Punctuation might help

A recent advert by the UK government and the NHS (National Health Service) is a classic case of garden path sentences. When I first read it, I thought it was saying Side effects won’t stop you catching COVID-19. But then I realised there was an extra word (might) at the end.

I went back to the beginning and discovered that the message was in fact two separate sentences:

  • Side effects won’t stop you.
  • Catching COVID-19 might.

Why is the advert unclear?

The advert contains no punctuation. To show that this message consists of two sentences, it relies solely on a difference in font colours (white for the 1st, orange for the 2nd). A full stop (period) at the end of the first sentence would have shown the split between the sentences much more clearly.

Linguists call this type of string of words a ‘garden path’. The words lead the reader initially in the wrong direction (they lead the reader ‘down the garden path’). The reader then has to back track when she realises she has mis-interpreted the sentence’s structure.

Another example of a garden path

A well known example of a garden path sentence is The horse raced past the barn fell. After reading the first 6 words, it is natural to construe the horse as the subject of an intransitive sentence: The horse raced past the barn.

However, on reaching the 7th word (fell), the reader realises that this additional word can’t fit into that structure. After brief confusion, the reader tracks back to the beginning of the sentence. Ultimately, the reader realises that the horse is in fact the subject of the verb fell and is the antecedent of the relative clause raced past the barn. Said differently, the sentence actually means The horse that was raced past the barn fell. (The horse was raced past the barn and the horse fell.)

And another thing

Lack of punctuation isn’t the only problem with this advert. It uses all capitals (upper case letters). I was taught that using all capitals is unhelpful to readers because capital letters have the same height. Thus, they take longer to recognise and to distinguish from each other.

And in this particular case, using putting all letters in capitals deprives readers of another clue that the word Catching is the first word in a new sentence.


Maybe the drafters of this advert deliberately made it difficult to read, so that readers would spend longer reading it and, as a result, internalise the message more thoroughly. That could sometimes be a valid strategy.

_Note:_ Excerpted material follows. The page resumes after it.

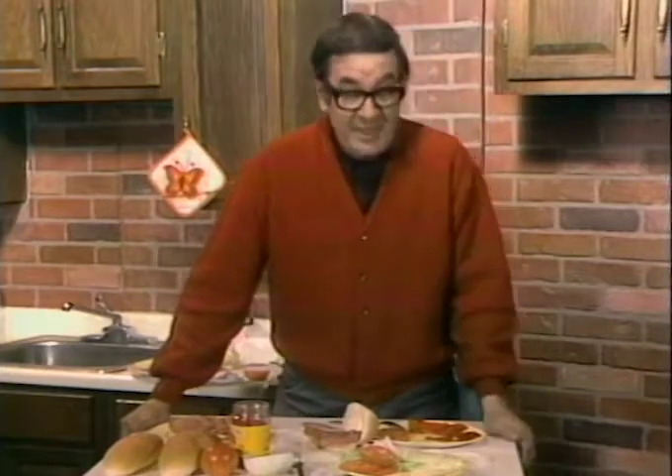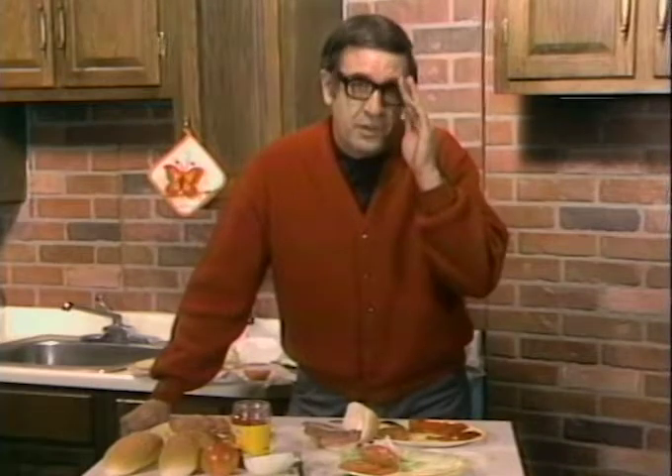Speaking of ingredients, we've got the proper ingredients on the eyewitness noon news. Take a little of Ray Muse, a little bit of Clyde Davis, a dash of Charles Merlin Umpenauer, put them all together, stick them in the studio, turn on the camera. You got the best eyewitness noon news in this town.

In this particular case, though, I doubt whether that was the strategy. I expect the drafters and designers wanted to make the message both stand out and be easy to read. If that was the intention, the drafters and designers failed. They led readers down the garden path for no reason.


  1. Definitely agree, the NHS’s message is poorly worded.
    But I’m not sure the first sentence is saying “Side effects won’t stop you catching COVID-19”. The side effects in question are those from getting a Covid shot. I think the first sentence is saying “Side effects won’t stop you from living your life normally”. Even more morbidly, it’s saying “Side effects won’t kill you.”
    With either of my interpretations, the second sentence – “Catching Covid might” – makes good sense.
    It might take more than punctuation to fix the ad.

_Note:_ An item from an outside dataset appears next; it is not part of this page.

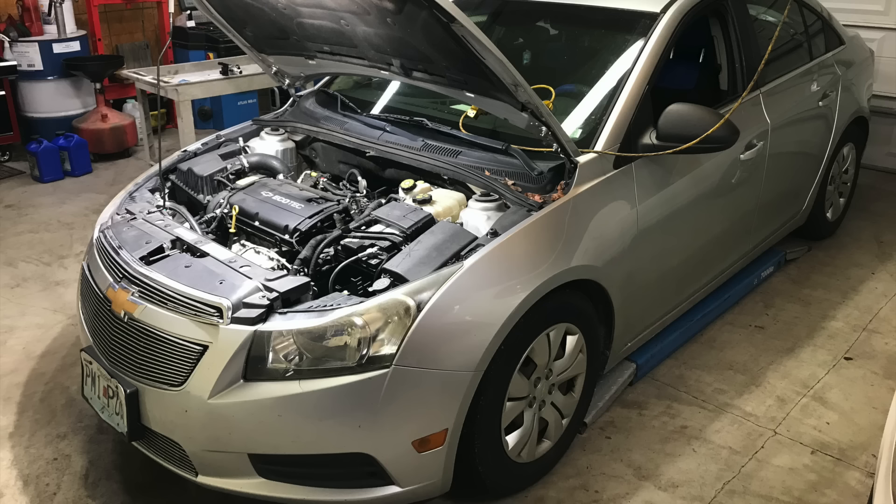Hello everyone and welcome back to another step-by-step repair video. Today we have a 2012 Chevrolet Cruze with the 1.8 naturally aspirated engine. What we're going to cover today is the thermostat housing replacement.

  2. Thanks Paul. My first sentence didn’t actually say what I intended, and in fact contradicted what I meant to say! So I’ve deleted ‘catching COVID-19’ from the end of that sentence.
    Here was my point: COVID-19 doesn’t belong in the first sentence at all, but the advert is laid out in a way that makes it look, at first sight, as though there is only one sentence, not two.
    I agree with your interpretation of the first sentence and I agree that the second sentence is fine.